Formorket features for the very first (and also the last) time in the Scrolls Of Darmoth pages. S, the band’s mastermind will guide us on a small journey through time, revealing some of the band’s secrets ( and not only). Here we go:

1. First of all, tell me please what has been going on in the Formorket camp recently, because in the past years you have been quite silent. What can you tell us about the newly released second album?

S: It is just a while ago when things started to built up again from their pieces. We were never an active band and we never acted like that. Formorket was always a particular representation of things we were inspired by in Black Metal. Its presence is also quite unexpected at this time of flight. We experienced a lot during these cursed years but there was no real reason to step out of the motionless shape. This band was settled in the shadows. Our semi-nonexistence was overwhelming for me but we felt things must be declared crystal clear. Once we decided that we will kill our past we also sorted out that it will be done as a self definition of a lifeless form. As a final wish we wanted to focus our blackened spirits and return back to the roots.
This was the one and only inspiration for the last album of Formorket as we were so devoted by starting our own fires. It was spontaneous and raw at each level of degrees. Following our inside phantoms there was everything settled as well as our hungry passion to the early days of Black Metal. We’ve written all music and lyrics in July 2017 and immediately after this intense songwriting timeframe we were already in the studio to record the album on its entire. There was no time to linger. On-demand and inspired decisions lead by the inner flames did their sinister job during the minimalistic postprocessing period as well. Everything heard and seen are formed by our hands. And as there are no words left, we are eagerly wait our final hours…

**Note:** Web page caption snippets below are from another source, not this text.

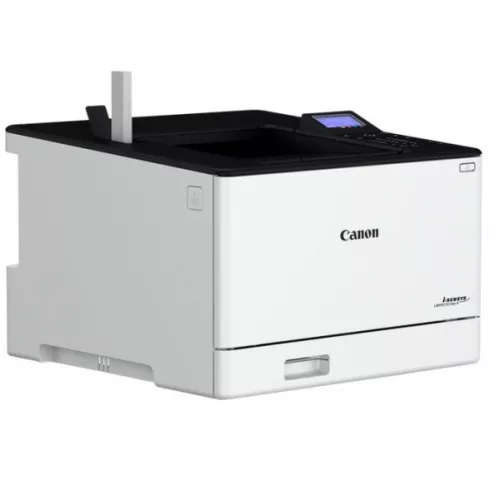 Лазерный принтер цветной/ Canon i-SENSYS LBP673Cdw II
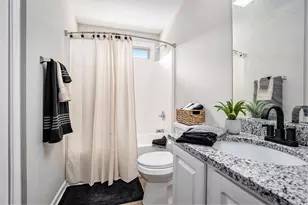 424 Wallingford Cir, Myrtle Beach, SC 29588 - Photo 19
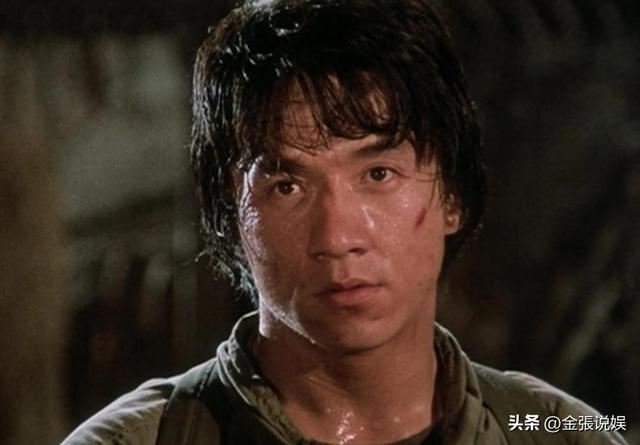 钱再多有什么用？黄晓明的身体后遗症	，给所有中年男明星提了个醒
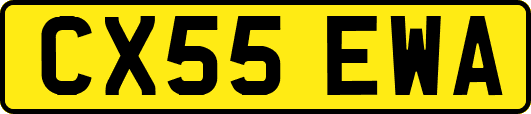 CX55EWA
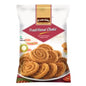 Kemchho Traditional Chakli - 20x270g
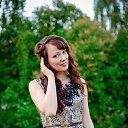 ��� ������, Fashion Avenue, Lime Fashion Group, ������������ ����� M-ART Project, Yana Kotova, ������������� �������� �������� �������� �� ������� ���� ����������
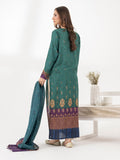 2-piece-viscose-suit-embroidered-(pret)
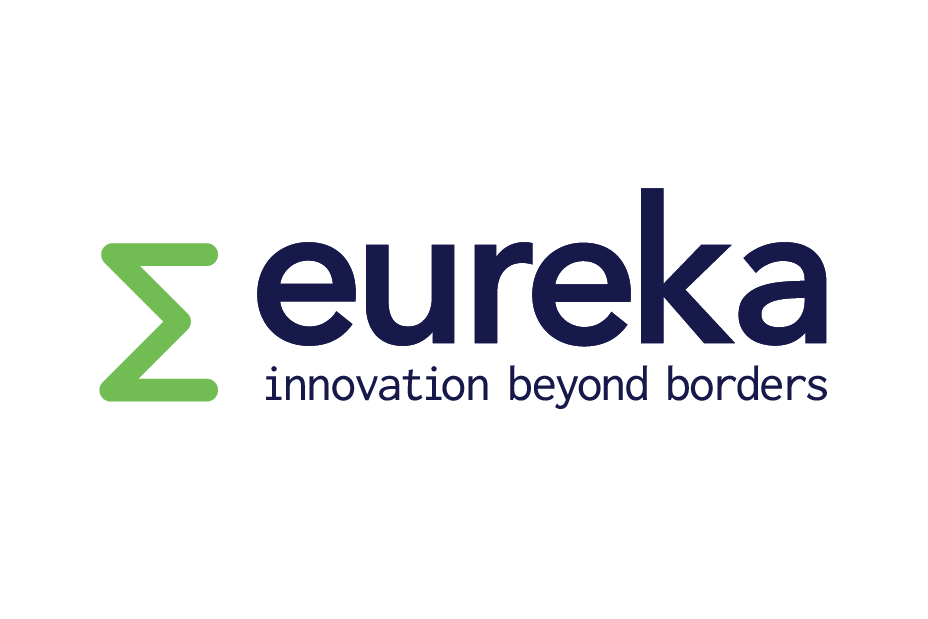 EUREKA Programme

2. On the 18th of August, you will participate at the 9th edition of the now famous Inner Awakening Festival, which will be held in Budapest. As far as I know, you haven’t played live in ages. What does this performance mean to you and how do you approach it?

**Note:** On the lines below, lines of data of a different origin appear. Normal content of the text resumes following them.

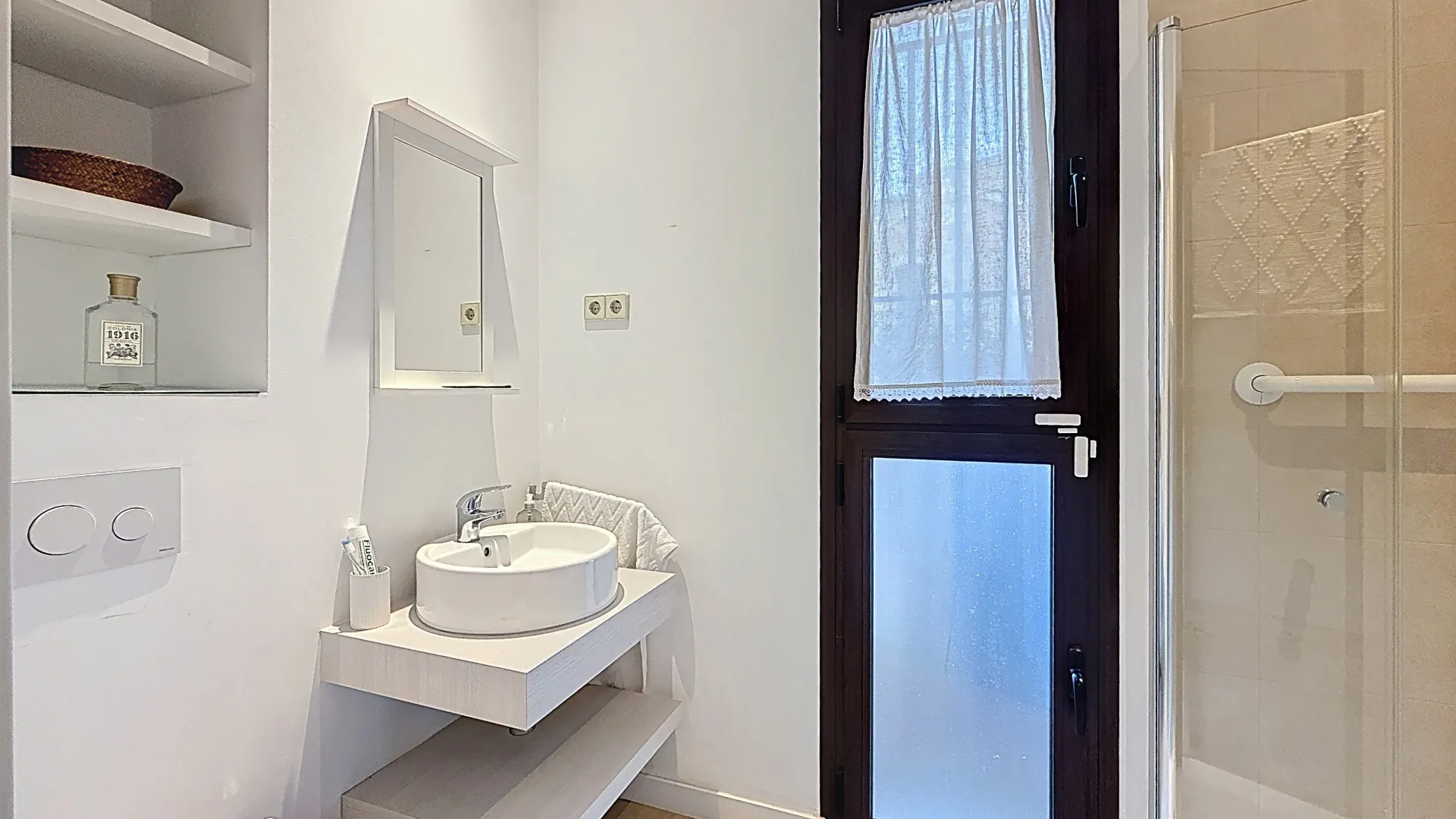 Guadalmina Alta villa for sale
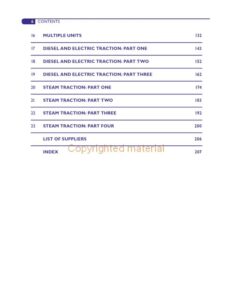 Weathering for Railway Modellers Volume 1 Weathering for Railway Modellers Volume 1
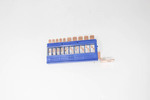 8262007050 - Electrical: Relay Box for Toyota Image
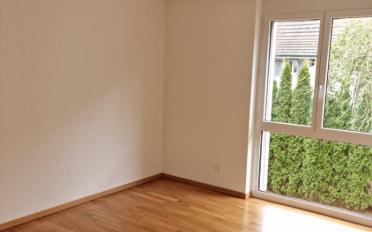Appartement 4.5 pièces - image - 8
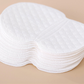🌸Last Day Buy 2 Get 1 Free💖Underarm Sweat Pads ( 20 pcs )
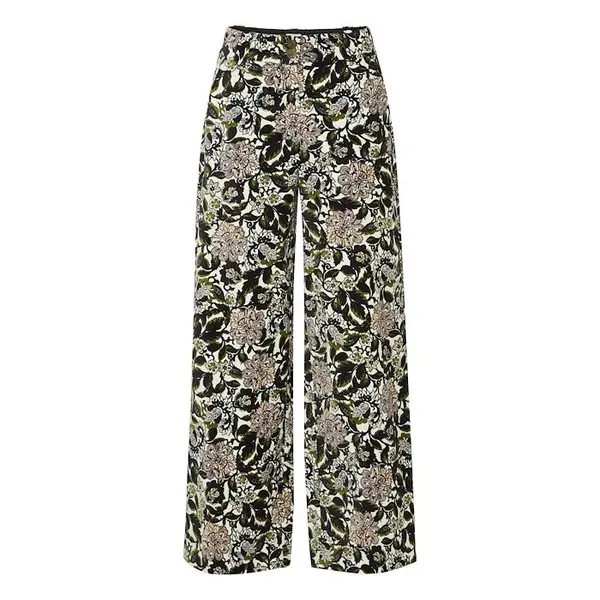 Pantalon femme Atelier Rêve VElva
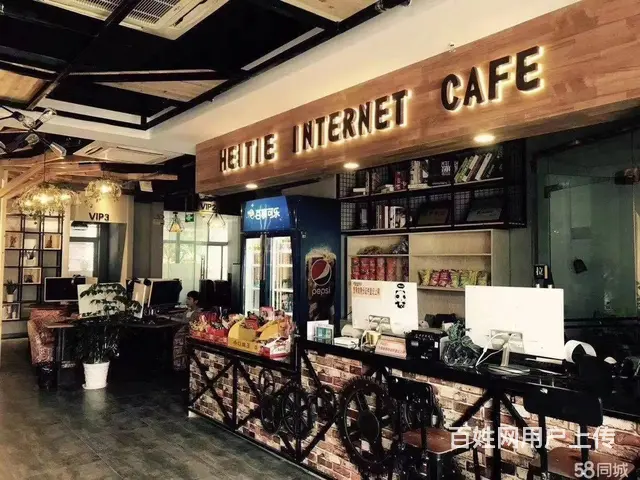无行业限制 临街门店 位置优越  随时看店 - 图片 2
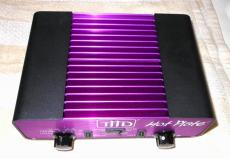 THD HOT PLATE_7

S: Our last appearance on stage and in all forms will be at the ninth Inner Awakening Festival. The circle will be broken that night when we poison the waters live as a final wish. It is going to be the third gig during the fourteen years. In 2016 when our end was already carved into stones we returned back and with an ex temporal lineup we marched the night with Age of Agony.
The most important for us is to destroy our surface to the public and do the opposite in our inverse shape. This show will be the crown of our Death, and our words will be the prayer at the dying flesh of the band. On stage for that hour we will dance with the shadows at the most complete cast and this will lead us through the dreadful hour. It means everything and nothing at the same time.

3. Formorket is not the typical metal band which rehearses, signs a contract with a label, releases an album or a single, goes on a tour and then repeats the cycle over and over again.
Instead you took the other approach: the minimalistic “hiding in the shadows” of your own peace (piece) of mind. Has this way of doing things your way been a fruitful one? Are you happy with how the band evolved in these 14 of activity?

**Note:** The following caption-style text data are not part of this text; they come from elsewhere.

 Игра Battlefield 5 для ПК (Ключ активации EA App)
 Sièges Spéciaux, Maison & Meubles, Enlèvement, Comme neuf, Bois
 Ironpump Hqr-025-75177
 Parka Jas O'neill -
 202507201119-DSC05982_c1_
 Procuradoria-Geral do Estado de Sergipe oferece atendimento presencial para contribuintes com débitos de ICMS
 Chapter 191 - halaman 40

S: Formorket shall be considered as a regressive band so to say. It has its own inevitable walk back in the time for its reason. Therefore it couldn’t be that type of bands since its very early days. We moved when we wanted to and we all kept our past in the mist as you said. Looking back to Black Metal as a primary influence was always the same thing that it was then and now for me in heart. It was always a regression, our monument to a movement of something magical, unseen and untold. Being initiated into the black metal was the entry point of this band. There is no joy or will to success but the unfolding darkest threads are. I can’t imagine this to happen otherwise.
Our fourteen years on the scene was more like a constant inactivity. We appeared when it was time and returned almost immediately. Waves emerged at the most suitable momentum, and these were ours. Now our returning to this while is more intense than ever and we celebrate Death with this until it takes. Our world under the banner of falling will collapse so soon.

4. Many may wonder why, after such a long pause (10 years after your 1st full length and 7 from the Ep), you have decided to release one more album and then call it quits in a grandiose way, on stage at Inner Awakening. What was the main reason behind this decision and how hard was it for you to take it? After all, you have invested a lot of blood and sweat into this band and the disbanding announcement came out quite unexpectedly.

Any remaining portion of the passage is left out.